COVID-19, the CWC and the OPCW

Although much smaller than the International Atomic Energy Agency (IAEA) in staff and budget, the Organisation for the Prohibition of Chemical Weapons (OPCW) must facilitate the implementation of arguably a more extensive verification regime under the Chemical Weapons Convention (CWC), with tens of thousands of potentially inspectable facilities located in almost every country in the world, a challenge that a pandemic only magnifies.

The OPCW Director-General Fernando Arias set up an internal task force to monitor COVID-19 and its potential impact on the organization in late January and then responded swiftly to March guidance issued by the Netherlands (which hosts the headquarters of the OPCW) and by the World Health Organization (WHO) to have approximately 90% of the OPCW's 500 plus staff work remotely, while cancelling all non-essential travel, including for training, through May 1.

More importantly, the OPCW postponed for rescheduling as circumstances warrant, capacity building events, inspections of facilities with scheduled chemicals and former chemical weapons facilities, inspections related to abandoned or old chemical weapons, and deployments and missions to Syria.

Director-General Arias pointedly noted that this meant that the OPCW would be unlikely to meet its schedule of 241 inspections for facilities with scheduled chemicals this year. On April 17, the Director-General extended the ban until June 1.

As the OPCW adjusts to working remotely, other work of the OPCW has continued, from enhancing its online presence, to working on its new ChemTech Centre, to releasing a new report on the use of chemical weapons in Syria.

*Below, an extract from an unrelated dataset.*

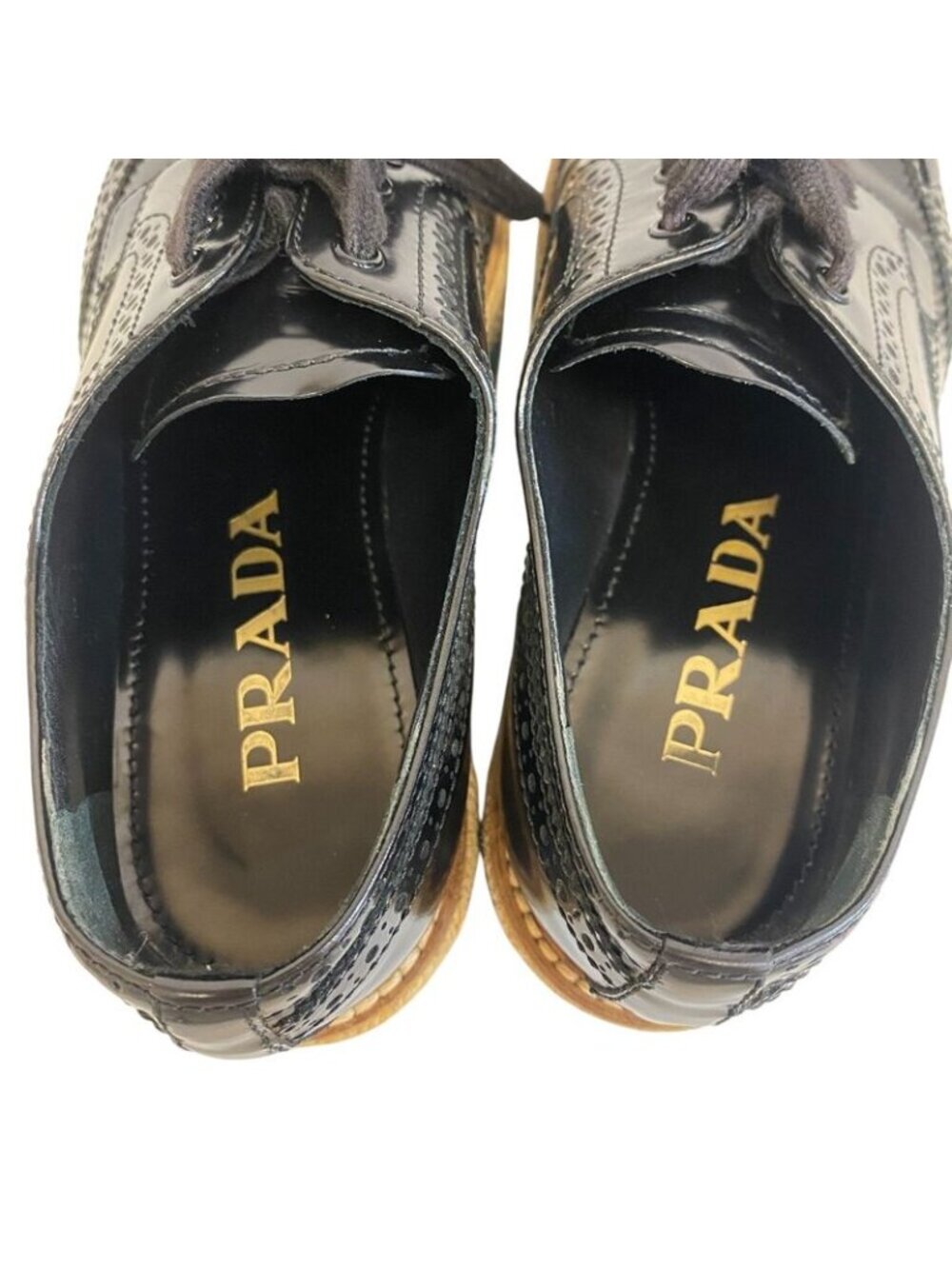★SOLD★ Prada Wingtip Loafers Black - Picture 7 of 8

The OPCW has also welcomed the annual national declarations required under the CWC. However, national authorities in many countries are also coping with the impact of COVID-19, with differing degrees of success.

Moreover, the OPCW will likely face increased strain on its budget and contributions. This is likely to have already emerged as the OPCW has moved more toward seeking to prevent the re-emergence of chemical weapons with a new focus on attribution of chemical weapons use and chemical security.

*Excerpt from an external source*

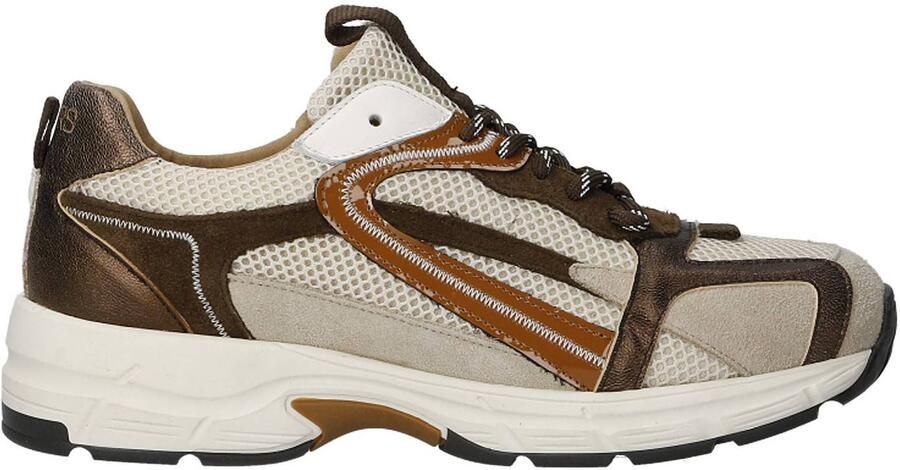 DWRS Neya leren sneakers beige donkerbruin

A deep economic recession will likely mean cuts in the national budgets for implementing the CWC obligations of States parties – already a concern – and financial support for and attention to the OPCW. Even worse, the illness or even death of at least a few key national officials seems likely.

Only recently, moreover, have States Parties decided to take on several important new tasks, such as adding chemicals to its Schedules for the first time, expanding its efforts on chemical security, and creating new mechanisms for attribution, in no small part because of a resurgence in use of chemical weapons for warfare, terrorism and assassination.

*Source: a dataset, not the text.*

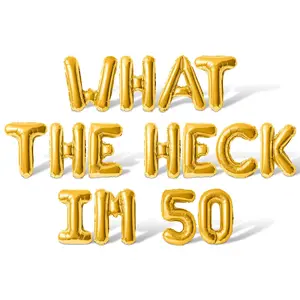 Letter Balloons - WHAT THE HECK IM 50 16" Inch Alphabet Letters Foil Mylar Balloon 50th Birthday Party Banner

Without significant financial and material support for their efforts, States Parties and the OPCW seem ill placed to implement these new tasks in the coming year.

COVID-19, the BWC and the BWC-ISU

For the Biological Weapons Convention (BWC), the pandemic has made the possible consequences of a malicious release of a biological agent – mountains of death and debt – clearer than ever.

At the same time, State Parties have long recognized that efforts to implement biosecurity measures usually complemented and enhanced biosafety and public health, such as improving disease surveillance, improving secure diagnostic laboratory capacity, or building general capacity to respond to disease outbreaks.

Not surprisingly, many national governments have entertained the need to adopt and implement the BWC and contribute to its strengthening. And the requests for assistance have increased enormously according to several sources (although which requests, if any, that have gone to the BWC is confidential).

Although the BWC has no verification regime, its members do report on confidence building measures, assistance activities and advances in science among other implementation efforts.

BWC activities usually revolve around two short sessions, the Meeting of Experts (MXP) and the Meeting of States Parties (MSP), but States Parties must also prepare for a Review Conference in 2021.

Unfortunately, all of this work, including efforts to address assistance requests through an on-line database, must be serviced by a talented but pathetically small support staff, i.e., the BWC – Implementation Support Unit (BWC-ISU), which consists of three full-time staff members located at the United Nations offices in Geneva.

Moreover, even before the pandemic shortfalls in the budget for the BWC and the BWC-ISU have been significant enough to raise questions about even having a meaningful MSP.

While COVID-19 has surely emphasized the need for improving implementation of the BWC and of the roles of the BWC and the BWC-ISU, the pandemic seems likely to reduce government capacity and income, while paradoxically creating excessive expectations for what the BWC and the BWC-ISU can do in response to such global turmoil.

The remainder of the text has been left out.